Jean-Baptiste Mathon, Reconstruction and development plan for Brest, 1948, Brest Municipal Archives.
Jean-Baptiste Mathon (1893-1971) was the designated architect for Brest’s reconstruction plan. He was awarded the Grand Prix de Rome in 1923, and was a proponent of a moderate form of modernity that reconciled the demands of the rapidly changing technological world with urban compositions inspired by tradition.

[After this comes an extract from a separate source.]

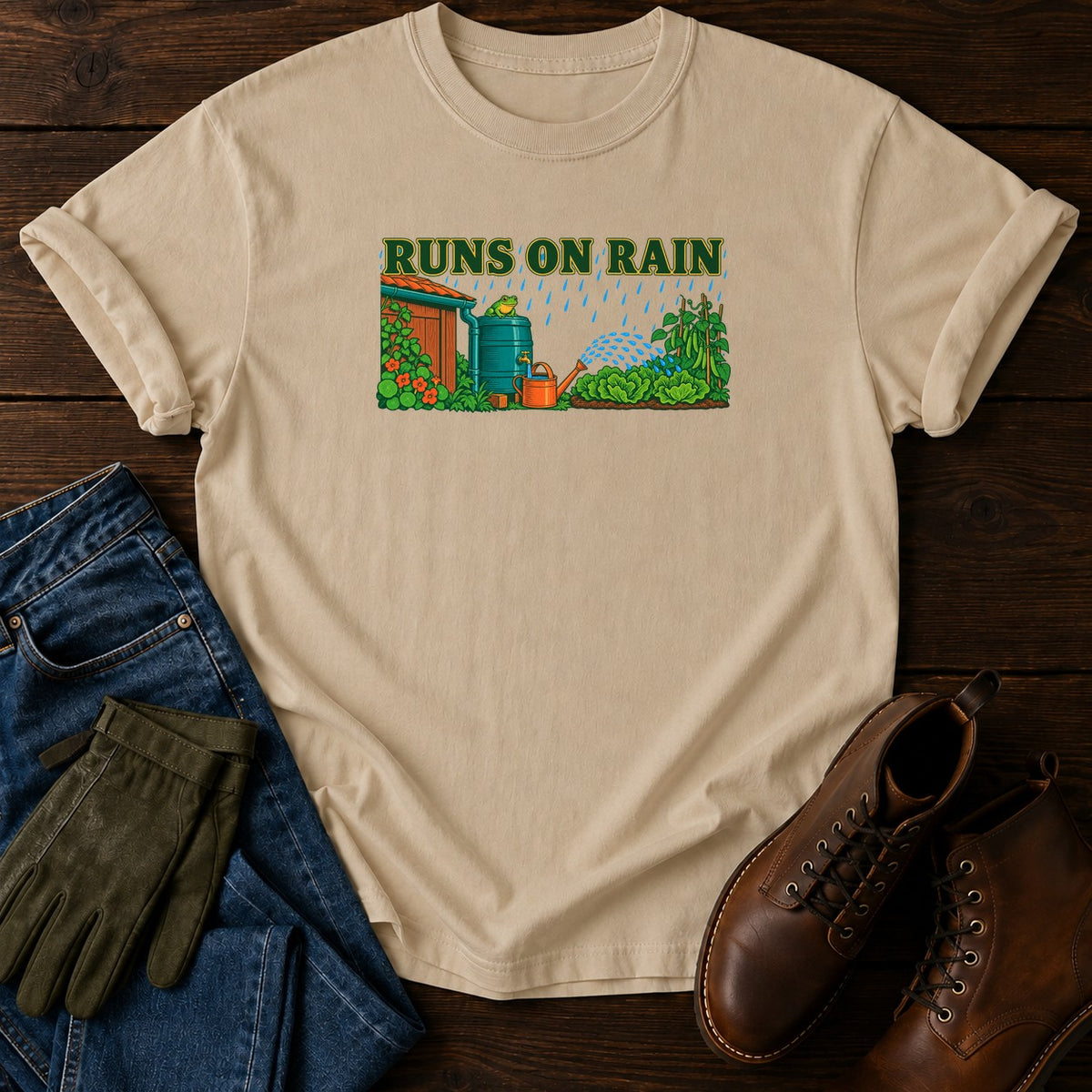 Runs On Rain T-Shirt — Sandstone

His reconstruction and development plan for Brest followed the vision of the orderly city that the engineer Vauban had described in the 17th century and that the architect Milineau tried to pursue in the inter-war period. The Rue de Siam, widened to accommodate automobile traffic, became the main axis of the new city built upon the rubble of the bombed-out city. On the new flattened topography, the blocks were organised in a regular grid. The Place de la Liberté opened up a grandiose perspective on the “Versailles of the sea” that was Mathon’s Brest. But as the city gained in height, it lost all connection with the banks of the Penfeld, where the arsenal developed in a dissociated manner.
Mathon laid down reconstruction rules for the town centre in order to give it overall unity (tempered, however, by the freedom given to compensated owners to choose their own architects). He imposed a particular treatment (in stone) to the ordered façades framing the Place de la Liberté. Brest was rebuilt with a relative freedom that was to guarantee urban homogeneity.